WHAT IS EXPECTED: No pictures belong in the copy. Restate the rest of the data exactly.
*** MATERIAL FOR THIS TASK ***
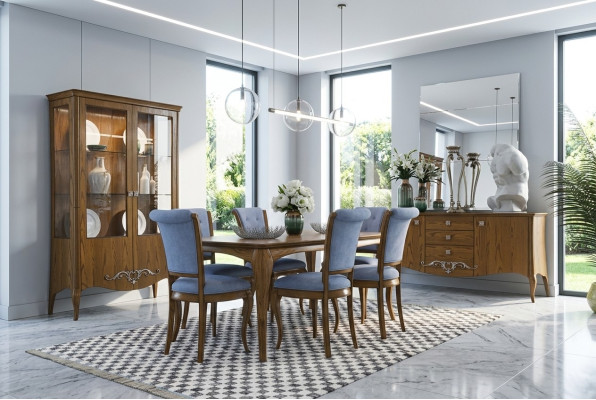 Salle à manger Ensemble Table 6x Chaises Design Buffet Mobilier Luxe neuf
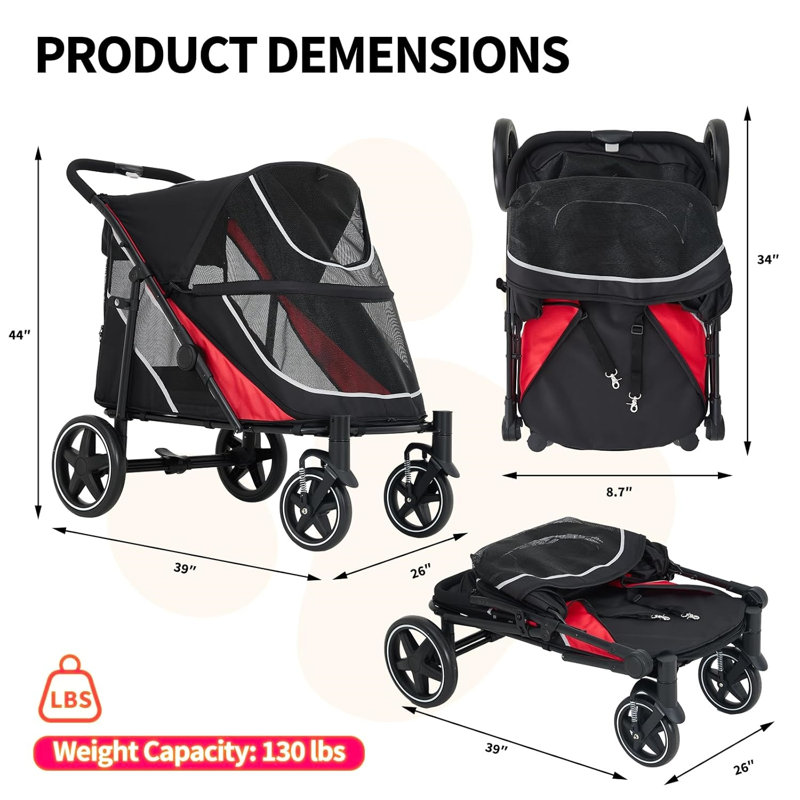Poussette robuste pour chiens de très grande taille, jogger pliable pour animaux en une seconde avec roues tout-terrain de 11 po, amortisseur de chocs, lit amovible et panier de rangement
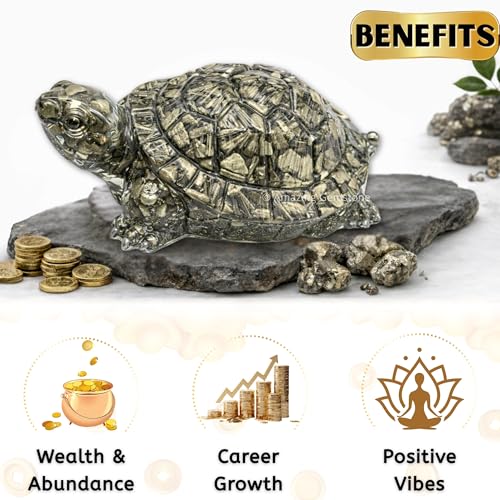 Figura Natural de Tortuga en Pirita para Decoración del Hogar miniatura 3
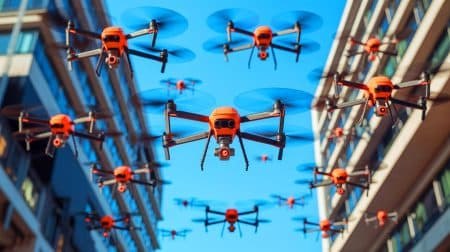 « Ces drones pensent comme des insectes » : une IA révolutionnaire change la donne sans GPU ni données réelles Illustration de l'innovation des drones inspirés par les insectes utilisant l'intelligence artificielle pour une navigation autonome.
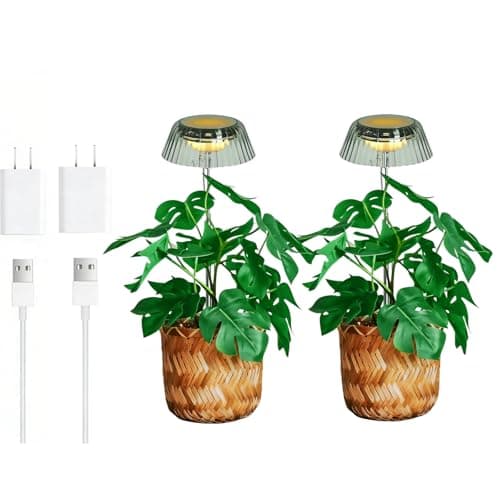yadoker Small Table Plant Grow Light, LED Growing Touch Lamp with Full Spectrum for Indoor Plants, Height Adjustable, Automatic Timer, 5V Low Safe Voltage, Ideal for Compact Spaces（2 Pack） — image 1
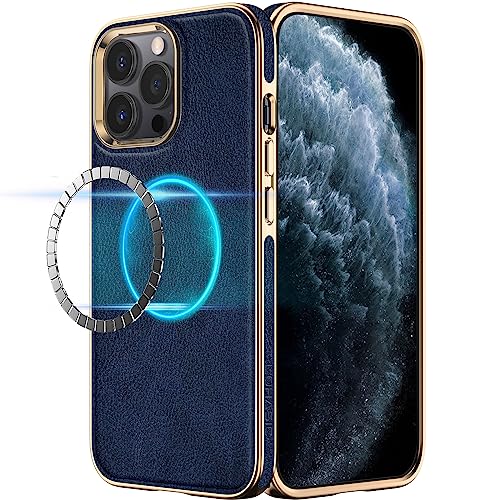 LOHASIC Schutzhülle für iPhone 13 Pro, kompatibel mit MagSafe, klassisch, PU-Leder, beste Designer-Schutzhülle, rutschfest, weich, flexibel, für iPhone 13 Pro (2021), 6,1 Zoll (15,5 cm), 5G, Blau von LOHASIC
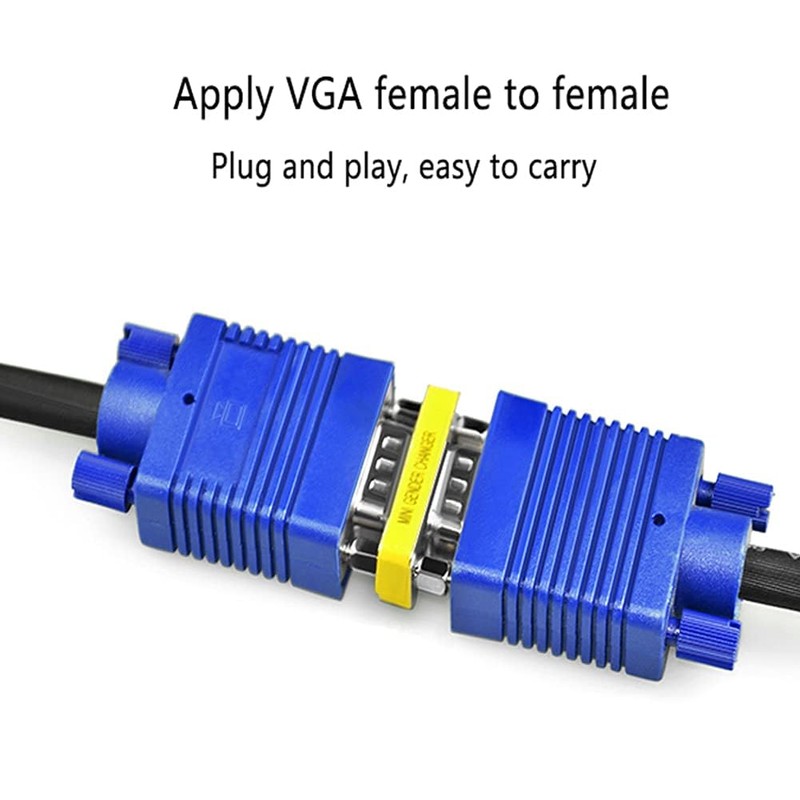 CABLEPELADO VGA Male to Male SVGA Coupler Gender Changer Adapter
*** End of MATERIAL FOR THIS TASK ***
RESPONSE TO THE TASK:
 Salle à manger Ensemble Table 6x Chaises Design Buffet Mobilier Luxe neuf
Poussette robuste pour chiens de très grande taille, jogger pliable pour animaux en une seconde avec roues tout-terrain de 11 po, amortisseur de chocs, lit amovible et panier de rangement
 Figura Natural de Tortuga en Pirita para Decoración del Hogar miniatura 3
 « Ces drones pensent comme des insectes » : une IA révolutionnaire change la donne sans GPU ni données réelles Illustration de l'innovation des drones inspirés par les insectes utilisant l'intelligence artificielle pour une navigation autonome.
yadoker Small Table Plant Grow Light, LED Growing Touch Lamp with Full Spectrum for Indoor Plants, Height Adjustable, Automatic Timer, 5V Low Safe Voltage, Ideal for Compact Spaces（2 Pack） — image 1
 LOHASIC Schutzhülle für iPhone 13 Pro, kompatibel mit MagSafe, klassisch, PU-Leder, beste Designer-Schutzhülle, rutschfest, weich, flexibel, für iPhone 13 Pro (2021), 6,1 Zoll (15,5 cm), 5G, Blau von LOHASIC
 CABLEPELADO VGA Male to Male SVGA Coupler Gender Changer Adapter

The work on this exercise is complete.